EXTRACTED ENTRIES START
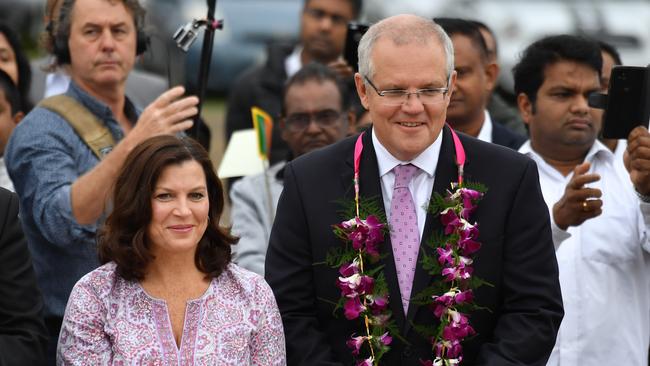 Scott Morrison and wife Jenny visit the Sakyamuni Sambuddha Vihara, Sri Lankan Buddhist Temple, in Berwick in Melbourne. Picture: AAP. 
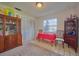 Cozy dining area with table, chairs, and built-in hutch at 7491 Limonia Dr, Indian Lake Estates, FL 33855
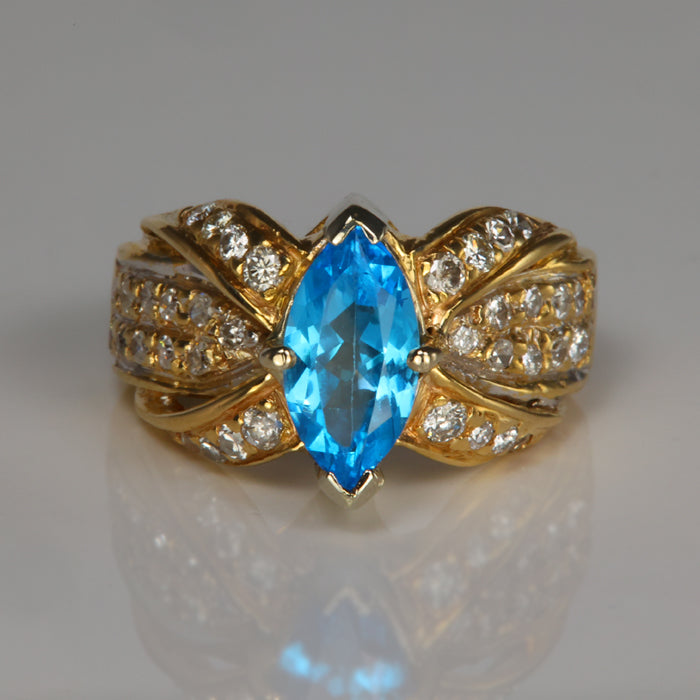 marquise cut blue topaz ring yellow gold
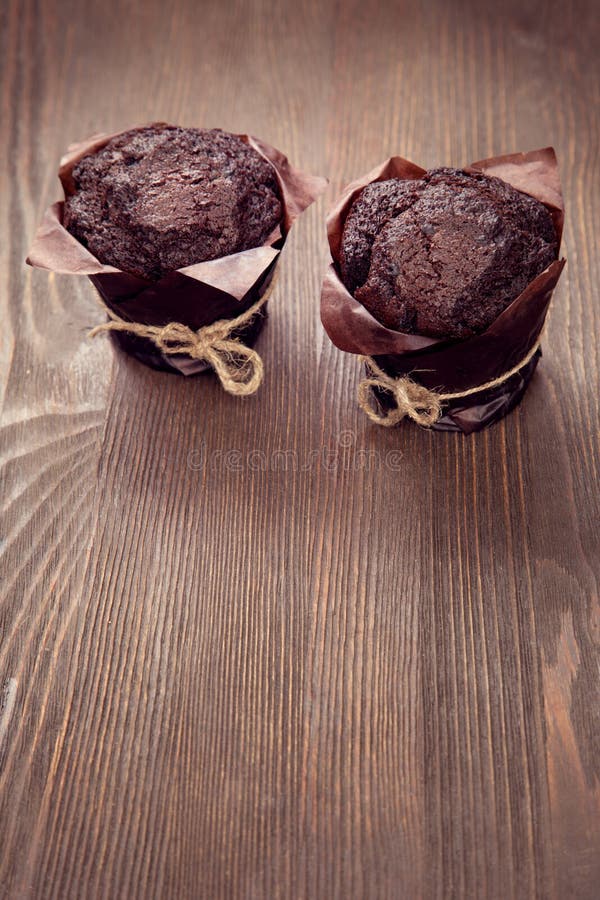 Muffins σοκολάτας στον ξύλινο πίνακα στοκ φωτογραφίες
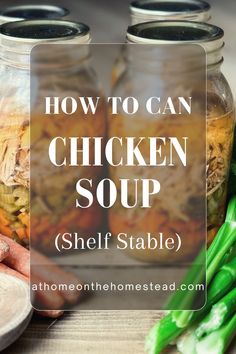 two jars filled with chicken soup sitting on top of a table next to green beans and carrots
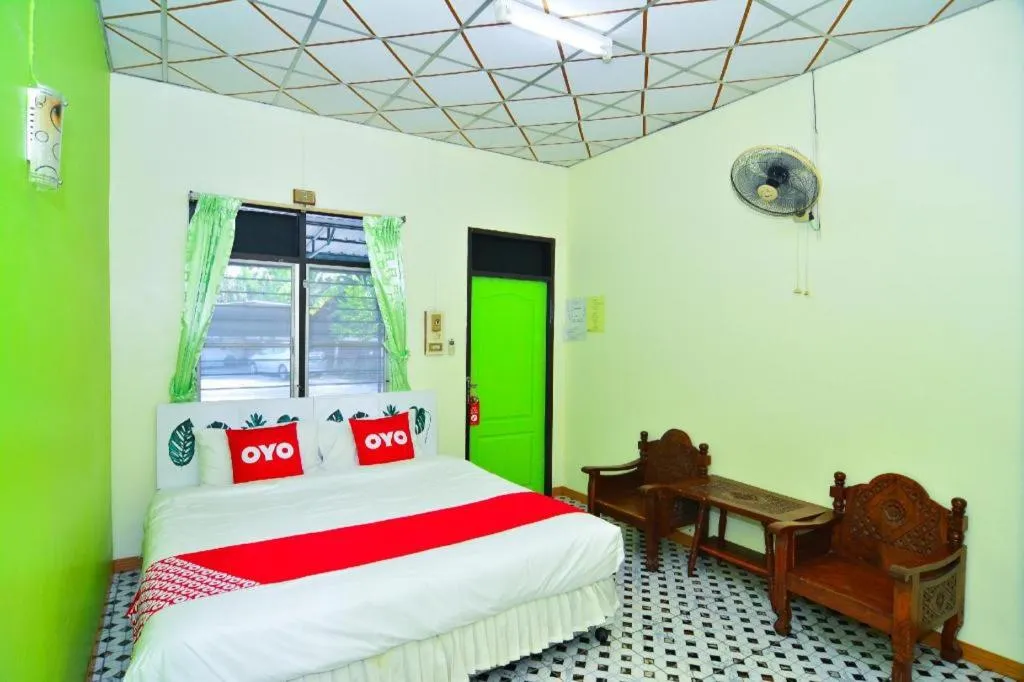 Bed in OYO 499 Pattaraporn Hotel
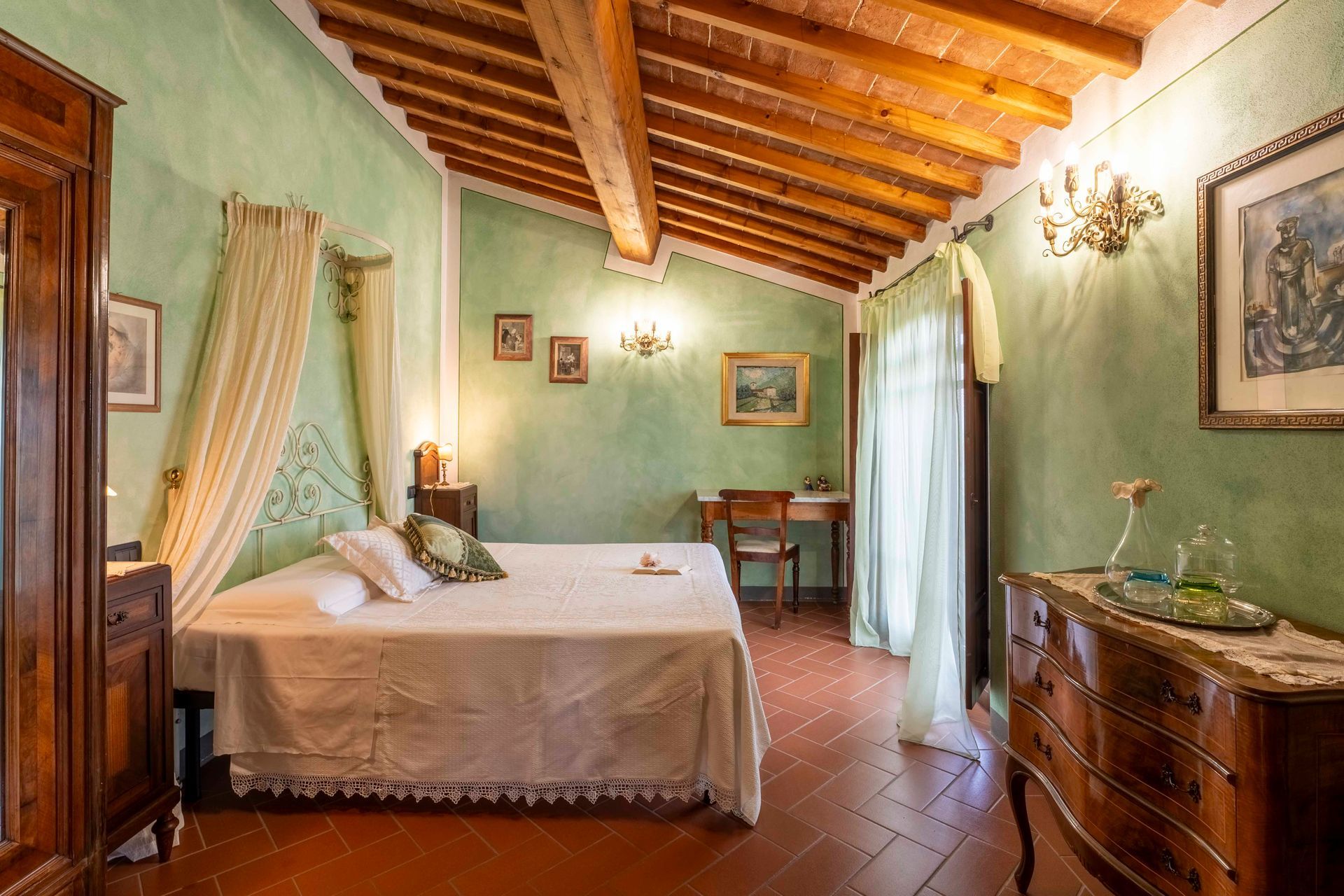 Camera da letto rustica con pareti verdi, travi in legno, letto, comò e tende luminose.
EXTRACTED ENTRIES END
§ **WORK REQUIRED**
Could you transcribe every entry above exactly, leaving out the images?

§ **TASK RESPONSE**
 Scott Morrison and wife Jenny visit the Sakyamuni Sambuddha Vihara, Sri Lankan Buddhist Temple, in Berwick in Melbourne. Picture: AAP. 
 Cozy dining area with table, chairs, and built-in hutch at 7491 Limonia Dr, Indian Lake Estates, FL 33855
 marquise cut blue topaz ring yellow gold
 Muffins σοκολάτας στον ξύλινο πίνακα στοκ φωτογραφίες
 two jars filled with chicken soup sitting on top of a table next to green beans and carrots
 Bed in OYO 499 Pattaraporn Hotel
 Camera da letto rustica con pareti verdi, travi in legno, letto, comò e tende luminose.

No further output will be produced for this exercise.